Worldwide, the number of cruise ship passengers was projected to be 27 million in 2018, just the latest in a string of records. Mostly, the industry has responded to constant growth by sending more people to the same places, aboard ever-larger ships (the largest of which now carry upwards of 6,000 passengers; two planned 9,000-passenger vessels would be the largest ever built), but giving returning passengers a reason to book their next cruise requires adding different destinations, something that may also appeal to new segments of travellers.

[Uncharted waters: Mega cruise ships sail the Arctic]

Today, cruise ships call on 1,000 ports worldwide, and there are cruises on nearly all of the world’s waterways at just about any time of the year. The near-disaster of the Viking Sky, a cruise ship that came close to running aground off Norway in March, suggests that not all winter vacationers are looking to come home with a tan.

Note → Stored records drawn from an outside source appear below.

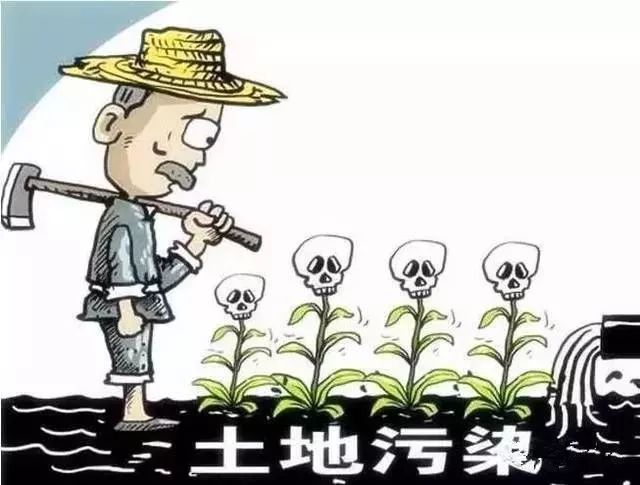 mg����ͻ��(�й���)�ٷ���վ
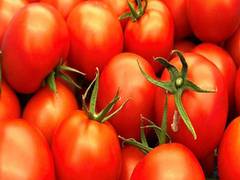 
      
      Prices of tomatoes down by 13 pc in last one week, 24 pc in...
      
      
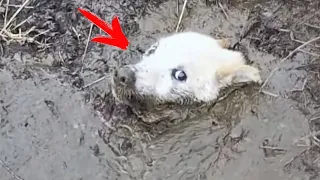 ¡El perro estaba ahogándose en el pantano y gritando pidiendo ayuda! ¡Mira quién vino a su rescate!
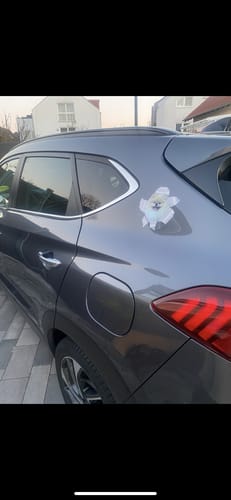 Claudia T. review of Spähendes Foto - Individueller Autoaufkleber image 1 out of 1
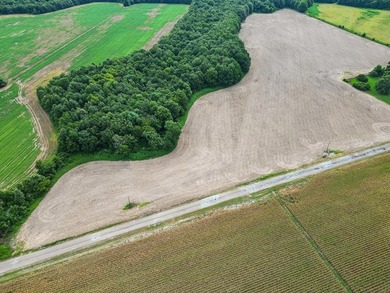 Affordable Mississippi Delta Duck & Deer Hunting Land for - photo 5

Is it also a reminder that the ships that are being sent north were not built to sail there specifically. The Polar Code, a set of IMO regulations, sets training and equipment standards for ships sailing in the Arctic and Antarctic, but easier sailing conditions means the region will be open to more vessels for longer periods, and more people wanting to go there before the thrill of sailing near ice disappears entirely.

For places that manage to attract cruise ships, more is not necessarily better if they hope to see ships come back. Some of these ships carry more passengers than live in the cities, towns and settlements they call on. That makes overcrowding a constant concern. For passengers, being one of too many visitors makes it harder to have what one perceives to be authentic natural and cultural experiences. Residents often resent having their town overrun by visitors — especially if those visitors cross cultural and personal boundaries.

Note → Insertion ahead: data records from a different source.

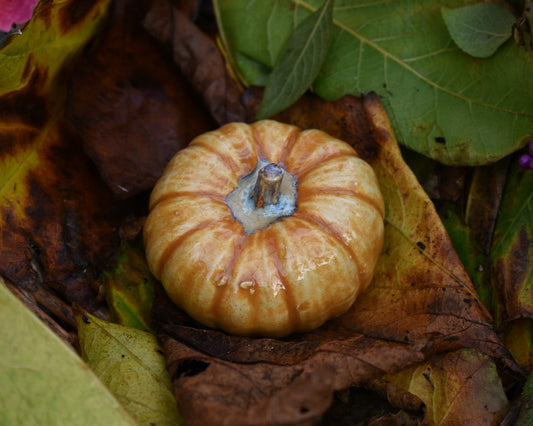 Pumpkin #116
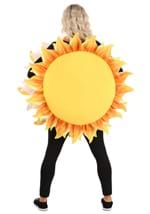 Adult Sun Costume Alt 1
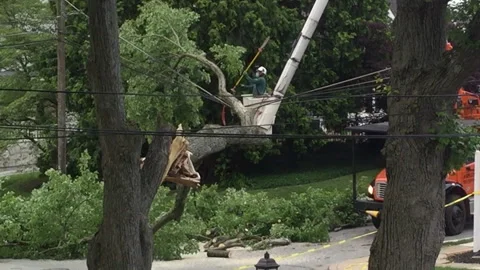 Utility Worker Cutting Tree Limbs Stock Footage 131992064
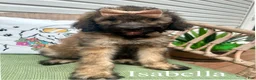 Standard Poodle dogs for sale: Isabella - Ad 1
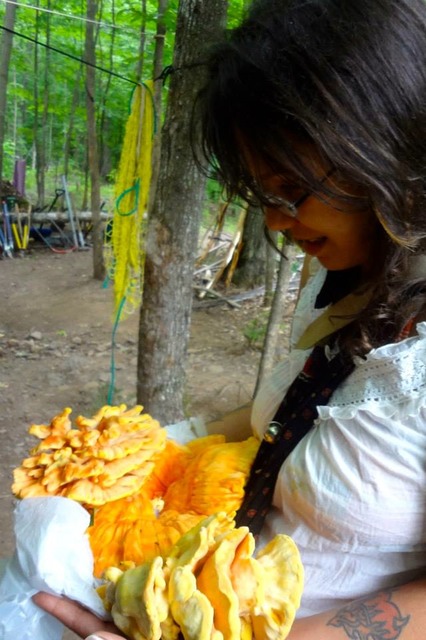 1009773_10200209983555508_1943627521_n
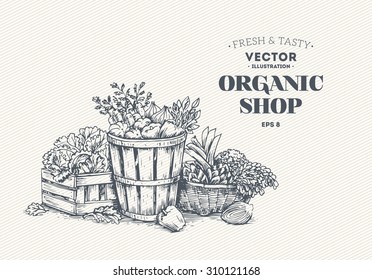 Organic food design template. Healthy eating background. Vector illustration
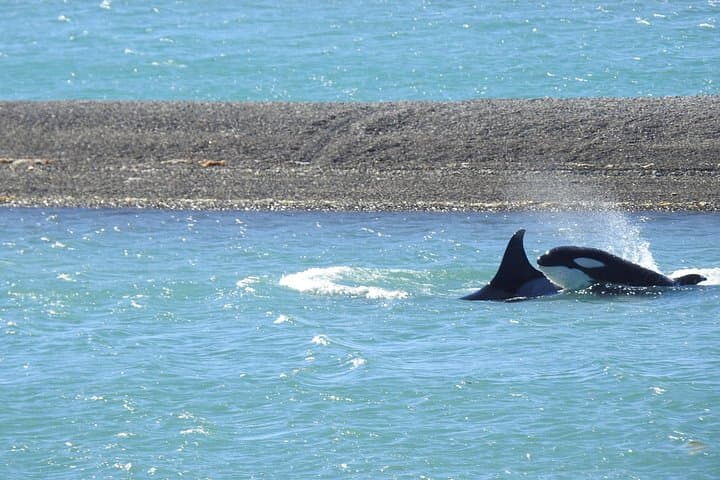Orcas Private Tour Puerto Madryn — Punta Norte & Caleta Valdés Orca Vigil photo 3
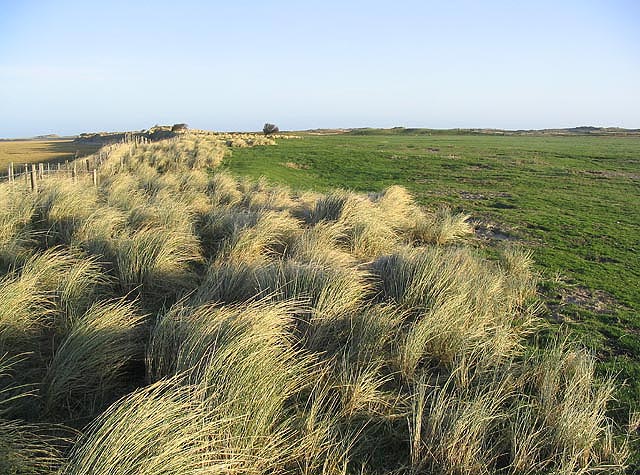 File:Marram grass and grazing field - geograph.org.uk - 312371.jpg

[Cruise tourism: undersize me]

The industry’s size makes it easy for aspirational ports of call to overlook these and other potential drawbacks, but they should understand that ships are not floating piggy banks. Destinations are first and foremost places where passengers can be set ashore. Everyone hopes that they spend money while they are there, but people on an all-inclusive cruises have little incentive to buy meals or anything else they can get for free back on the ship. Likewise, as the cruise industry grows, firms are concentrating on their on-board amenities in order to attract passengers; as ships add things like skydiving simulators, robotic bartenders and celebrity chef kitchens, there is less reason to leave the ship at all.

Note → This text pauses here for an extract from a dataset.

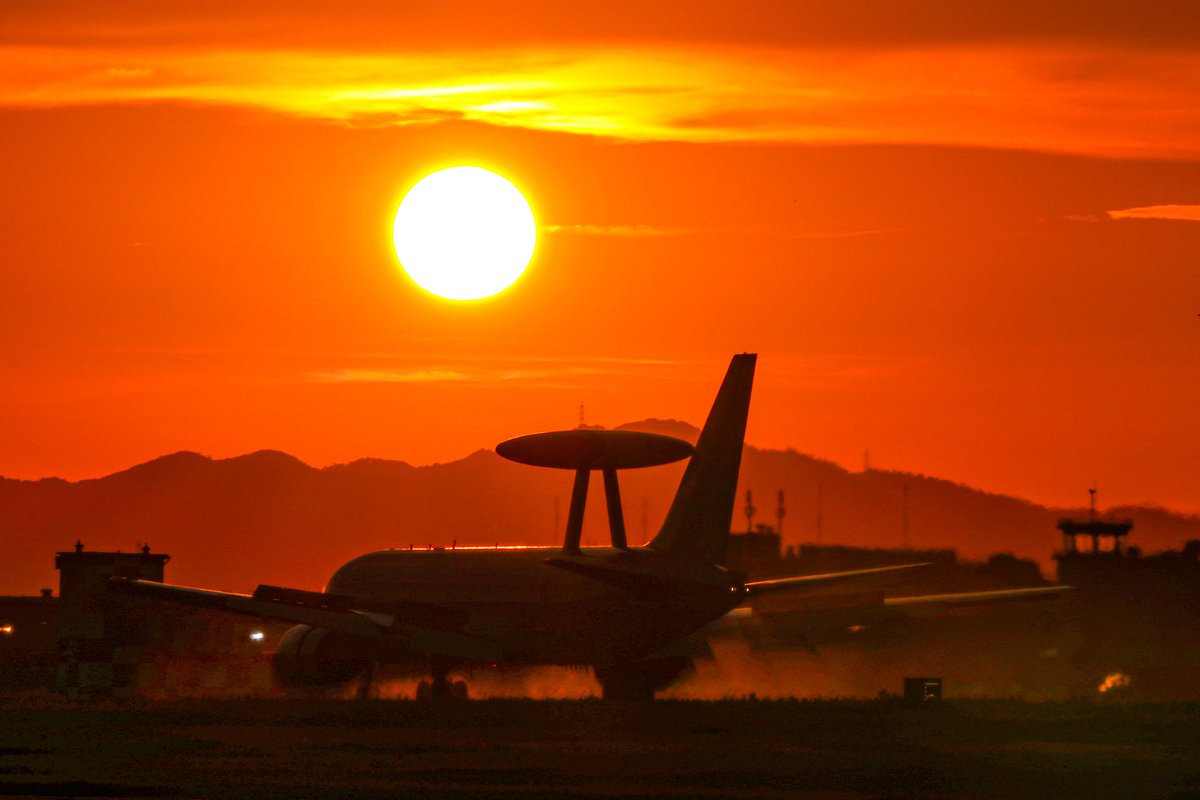 しまかぜ tweet media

One benefit of cruise ships is that they make it easier for destinations to plan ahead by telling them how many guests will arrive on a certain day. For local guides and the like, this allows them to know how many potential customers they should prepare for. Land-based travellers, in contrast, do not have their arrival announced ahead of time in the same manner, nor do they arrive as part of huge groups. The benefits are compounded if destinations can work with cruise lines so customers can book tours ahead of time. Cruise ships take a cut for helping out this way, but local businesses may prefer to earn less per customer in exchange for having a guarantee they will come at all.

Some destinations try to avoid the drawbacks of cruise tourism by concentrating marketing efforts on smaller ships known as expedition vessels. These are typically more luxurious vessels that are more suited to ports with limited infrastructure. Right now, they are seeing a boom in construction. Many of these ships have been designed with polar navigation in mind.

[Ready or not, Greenland is poised to see a rise in cruise ship tourism]

Passenger taxes and the like imposed by authorities can generate revenue, but they also add to the cost of the ticket. Ships buy some supplies locally, but generally they set sail with what they need. This leaves passengers as the biggest potential source of income, but the math suggests this means destinations might come out on the losing end.

Globally, average on-shore spending is estimated to be about $80 per passenger. For a vessel carrying 1,000 people, say, that amounts to $80,000. Not bad for a visit that lasts a day — but also not enough to become a long-term source of sustainable income for many ports of call.